RECORDS TO USE:
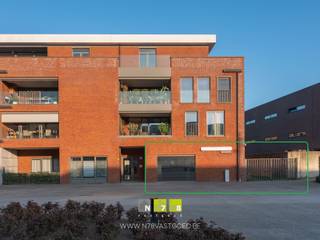 <span><strong>HOOGWAARDIG AFGEWERKTE COMMERCIËLE GELIJKVLOERSE HANDELSRUIMTE/KANTOORRUIMTE VAN 155M² / 196M² (BRUTO-OPP) IN HET CENTRUM VAN DILSEN.</strong></span><br /><br /><span><strong>TROEVEN<br /></strong>- Gelegen in residentie 'Keizersplein' aan het centrumplein "Ter Motten". <br />- Commerciële toplocatie | goede zichtbaarheid en veel passage!<br /></span>- Een goed uitgeruste werkplek met tal van mogelijkheden. <br /><span>- 1 staanplaats in de kelder! (P5)<br /></span>- 1 bovengrondse staanplaats. (S.26)<br /><span>- 2 kelderbergingen. (K6 &amp; K7)<br />- Tuin/terras aan de achterzijde en rechterzijde. <br />- Achterzijde afgesloten met toegangspoort. <br /></span><br /><span><strong>KELDERVERDIEPING -1<br /></strong></span>- Kelderberging nr. 6 (5,05 <span>m²) </span>en nr. 7 (5,05 <span>m²): </span><span>gepolierde betonvloer.<br />- 1 staanplaats in de kelder. (P5) </span><br /><br /><span><strong>GELIJKVLOERS 00 | Momenteel ingericht als kantoorruimte. </strong></span><br /><span>- Ontvangstruimte <span>(4,40m x 3,70m = 16,28m²): zitruimte, toegang tot balie met glazen wanden, inbouwkasten, tegelvloer.<br />- Open landschapskantoor achter de balie (5,15m x 10,34m = 53,25m²): inbouwkasten,tegelvloer. <br />- Gang (11,20m x 1,00m = 11,20m²): balie, inbouwkasten, tegelvloer.<br />- Keuken (1,80m x 2,80m = 5,04m²): geïnstalleerde keukenwand met onderkasten, bovenkasten, combi-oven, spoelbak, koelkast, lades; tegelvloer.<br />- Bureel 1 (4,45m x 4,30m = 19,14m²): gashaard, schuifraam naar terras/tuin, multimediavoorzieningen, inbouwkasten, deur naar kelder, glazen toegangsdeur, tegelvloer. <br />- Bureel 2 (4,15m x 4,50m = 18,68m²): gashaard, inbouwkasten, deur naar terras/tuin, multimediavoorzieningen, glazen toegangsdeur, tegelvloer.<br />- Bureel 3 (3,60m x 3,20m = 11,52m²): vast bureau, multimediavoorzieningen, inbouwkasten, deur naar de balie, tegelvloer.</span></span><br /><span>- Toilet 1 <span>(0,90m x 1,60m = 1,44m²): spoelbakje, hangtoilet,tegelvloer. <br /></span></span><span>- Toilet 2 <span>(0,90m x 1,60m = 1,44m²): spoelbakje, hangtoilet, onderkasten,tegelvloer.</span></span><span><span><br />- Technische ruimte ((1,80m x 0,70m) + (1,45m x 0,70m) = 2.26m²): boiler, ventilatiesysteem, tegelvloer. <br /><br /><strong>EXTERIEUR</strong><br />- Tuin/terras aan de achterzijde van het pand. <br /></span></span><br /><span>Bekijkt u deze advertentie via een aanverwante vastgoedsite, surf dan zeker naar onze website <strong>www.N78vastgoed.be</strong> voor een uitgebreide beschrijving en foto's. Meer info: <strong>+32 (0)89 86 18 88</strong> of <strong>info@N78vastgoed.be</strong>.</span>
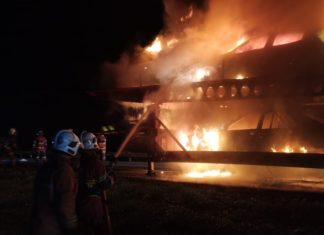Treler bawa tujuh kereta modifikasi terbakar di Kulai, tak sempat sertai pameran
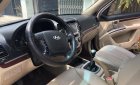 Hyundai Santa Fe 2009 - Về hưu bán xe Santa Fe 2009, số sàn, màu vàng cát, gia đình sử dụng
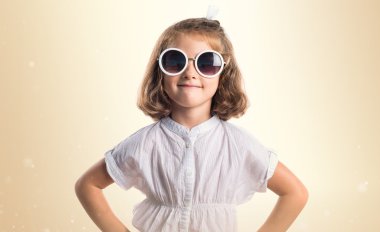 Beyaz arka plan üzerinde sarışın çocuk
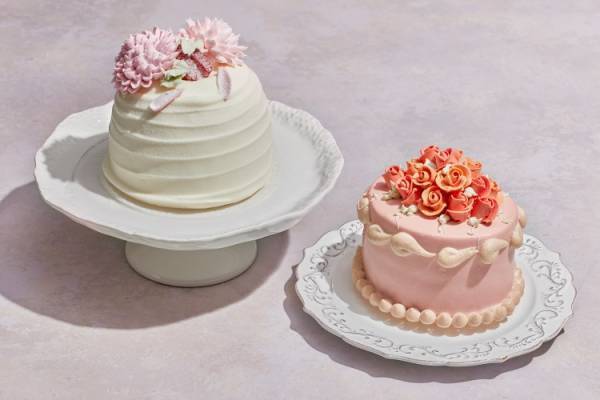 日本橋高島屋に可愛らしいスイーツが人気の「アトリエ アニバーサリー」がオープン。日比谷花壇とコラボした限定ケーキも登場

WORK ORDER:
Your answer must be an exact copy of the lines from the one with "Hyundai Santa Fe" through the final line of the data, both included, without any pictures.

RESULT:
 Hyundai Santa Fe 2009 - Về hưu bán xe Santa Fe 2009, số sàn, màu vàng cát, gia đình sử dụng
 Beyaz arka plan üzerinde sarışın çocuk
 日本橋高島屋に可愛らしいスイーツが人気の「アトリエ アニバーサリー」がオープン。日比谷花壇とコラボした限定ケーキも登場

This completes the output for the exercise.